Movie: The Elephant Man (1980)
Method: Netflix DVD
|His genitals are normal tho|
Why did I watch this?
I suppose I've wanted to see this for a long time. I knew it was produced by Mel Brooks but assuredly NOT a comedy. It's a significant film that was nominated for quite a few Academy Awards (but apparently not winning any! BUT also creating the impetus for the Academy to start recognizing achievements in make-up). I had gone through quite a few lesser known Mel Brooks films a few years ago, but my sights turned to David Lynch, which I've always thought I was fan of, but after looking at his filmography, I realized I hadn't actually seen all that many of his films. So, I had David Lynch in my head, probably since DUNE (2021) came out and I was thinking about his 1984 attempt. And then I was watching a Mel Brooks special on HBOMax and just thinking more about his serious works like Life Stinks (1991) which I also saw this year. So, as you can tell, there was a lot swirling around that drove me towards wanting to check this out.
What did I know ahead of time?
Again, I knew that Mel Brooks produced it but kept his name off so folks would treat it seriously. I knew it starred John Hurt and I knew about the "I am not an animal!" line because it's famous and in Seinfeld. And I knew a bit about Merrick himself, mostly just that he was an elephant man.
How was it?
This is an exceptional film. It feels strangely out of time. There are many films that seek to recreate movies from earlier time periods, but few pull it off like this one. It is not merely in black and white. The longer shots, acting styles, even set design and aspect ratio recall a film made in the 1930s or 1940s. Maybe this was a holdover from Mel Brooks' love of replicating older styles in Young Frankenstein (1974) and Silent Movie (1976), but it is so easy to forget that you're watching a movie made in 1980. Especially because young Anthony Hopkins is such a rare sight. The only other film I can really think of that so authentically replicates a time period is The Love Witch (2016), which is the most 1970s 2016 movie of all time.
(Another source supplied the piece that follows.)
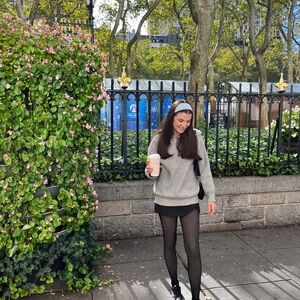 Cotton blend Gray Half-Zip Sweater size S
At the same time, the film is remarkably progressive and accepting. The general message is that John Merrick should be treated as a human being - I know, crazy. Reviews at the time, including Roger Ebert said it was too sentimental and didn't have a coherent theme. There is a lot of nuance here. Anthony Hopkins doubts if he himself has progressed from sympathy to pity and exhibition. There is schmaltz certainly when Anne Bancroft gives him a standing ovation at the theater, and you think, is this deserved, is this more pity, is this rich people feeling good about themselves and patting themselves on the back, or is this genuine acceptance. The fact that after this scene (SPOILER), Merrick lies on the bed and dies, either because his life hit the apex, he believed he could be normal, or praise just exacerbated his feelings of being different certainly makes me think this film had a colder message than its contemporaries would suggest.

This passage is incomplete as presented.